As I mentioned in that previous post, the design of the quadrant, that is, the pairing of independent front and back miter fences, seemed to lend itself to the processing of miter cuts for various polygons, while the later Wadkin one-piece cast mitering fence set at a 90˚angular relationship between front and rear fence faces was only going to be especially useful for 4-sided polygons (a tetragon, to use the technical term). Now, the 45˚ miter is the type of miter cut that will be executed by 99% of woodworkers in 99% of cases involving miter cuts, so as far as that goes having a one-piece miter fence is no great disadvantage at all.
Still, I do process a fair amount of other polygon miter cuts, and wanted the functionality promised with split front/rear miter fences to achieve the capacity to readily cut polygons from 3-sided (trigon) to 12-sided (dodecagon).
Ah, such hopeful imaginings. I took the rough casting for the back miter and decided to stick it in place, mocked up as it were, to see what was what. That’s when I discovered, to paraphrase a line from a Bruce Springsteen song (“Racing in the Street”) that, “all my pretty dreams had been torn”.
The way the pair of castings are configured does not allow for nearly the swing range I had imagined. The swept arm which allows the fence to be clamped at a given setting can only swing so far inwards before the end of that circular arm runs into the back face of the front miter casting. In order to get in much further than a 90˚ relationship between the two fence faces, the length of that swept arm needs to be on the shorter side. Anything beyond that, the base portions of the castings will run into one another. I found the tightest placement it appeared to be capable of would likely make it possible to cut the miter from a trigon, at 60˚ between fence faces.

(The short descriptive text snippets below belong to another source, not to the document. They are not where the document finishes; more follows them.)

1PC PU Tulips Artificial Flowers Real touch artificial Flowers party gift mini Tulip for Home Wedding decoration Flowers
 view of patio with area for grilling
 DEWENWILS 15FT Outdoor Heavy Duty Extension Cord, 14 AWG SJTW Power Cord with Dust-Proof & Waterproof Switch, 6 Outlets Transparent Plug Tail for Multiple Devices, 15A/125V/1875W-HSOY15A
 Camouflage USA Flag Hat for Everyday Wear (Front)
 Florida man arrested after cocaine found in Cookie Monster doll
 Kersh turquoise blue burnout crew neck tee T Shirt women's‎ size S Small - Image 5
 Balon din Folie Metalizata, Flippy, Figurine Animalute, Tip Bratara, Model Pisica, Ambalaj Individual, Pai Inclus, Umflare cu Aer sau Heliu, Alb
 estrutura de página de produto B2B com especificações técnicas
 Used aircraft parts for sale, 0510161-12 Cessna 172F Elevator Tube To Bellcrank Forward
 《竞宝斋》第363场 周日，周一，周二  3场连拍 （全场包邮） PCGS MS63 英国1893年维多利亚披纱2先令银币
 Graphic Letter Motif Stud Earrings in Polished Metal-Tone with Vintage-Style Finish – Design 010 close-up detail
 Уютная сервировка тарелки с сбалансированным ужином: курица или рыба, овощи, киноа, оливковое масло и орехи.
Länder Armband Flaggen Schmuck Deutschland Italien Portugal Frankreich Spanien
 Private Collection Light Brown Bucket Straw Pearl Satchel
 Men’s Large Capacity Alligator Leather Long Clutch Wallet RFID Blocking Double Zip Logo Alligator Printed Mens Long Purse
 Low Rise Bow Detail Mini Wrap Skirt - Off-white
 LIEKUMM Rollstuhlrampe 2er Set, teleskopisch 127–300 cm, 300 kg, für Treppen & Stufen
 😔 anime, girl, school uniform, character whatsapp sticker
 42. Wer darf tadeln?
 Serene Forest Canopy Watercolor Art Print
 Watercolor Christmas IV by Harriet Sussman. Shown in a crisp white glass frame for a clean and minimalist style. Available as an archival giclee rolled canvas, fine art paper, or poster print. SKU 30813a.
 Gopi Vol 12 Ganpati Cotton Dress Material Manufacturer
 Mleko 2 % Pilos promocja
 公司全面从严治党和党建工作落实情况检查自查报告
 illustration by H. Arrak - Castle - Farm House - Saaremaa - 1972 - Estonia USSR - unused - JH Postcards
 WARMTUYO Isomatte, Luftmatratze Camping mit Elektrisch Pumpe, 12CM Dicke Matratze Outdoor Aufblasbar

Swinging back outward, the short swept arm now presents a constraint as to how far the back miter fence may be swung open while still being capable of being bolted tight to the front miter fence. This is as far out in swing as it looked like it would go:
Keep in mind that this is not the normal relationship of the paired fences for miter cutting. In this case I have the front miter fence in its the normal 90˚ relationship for cross cutting and have simply placed the back miter fence against it to check the relationship between the two fences. If I were to fix the fences together as you see in the above picture, obviously I would risk slamming the blade into the back miter fence, which would not be among the list of desired activities in my shop.
I reckon that the widest setting between fence faces I could obtain would be on the order of 108˚, which would allow pentagon miters to be cut. The back miter fence can open plenty wider, but then it cannot be clamped to the front fence, and given the lack of capacity on the sliding table for affixing hold downs, it would involve some head-scratching, and maybe an extra locking bolt hole in the table, some sort of pad upon which it could rest, and provide a means of fixing it all in place.
It’s an advantage to have the two fences capable of being bolted to one another as a unit, as that makes for greater convenience for those cases in which one is cutting unequal miters due to the framing members being mitered having different dimensions from one another. For example, you might have a 2″ wide frame to joint to a 2.5″ wide frame. With a front/back miter fence paired and connected to one another, then all one needs to do is leave the pair bolted in their same orientation and swing the assembled pair of fences out of the regular cutting angle to the blade to a position which produces the unequal miters. If the front fence and back fence are to be instead bolted independently to the table, then resetting for unequal miters becomes much more of a PITA.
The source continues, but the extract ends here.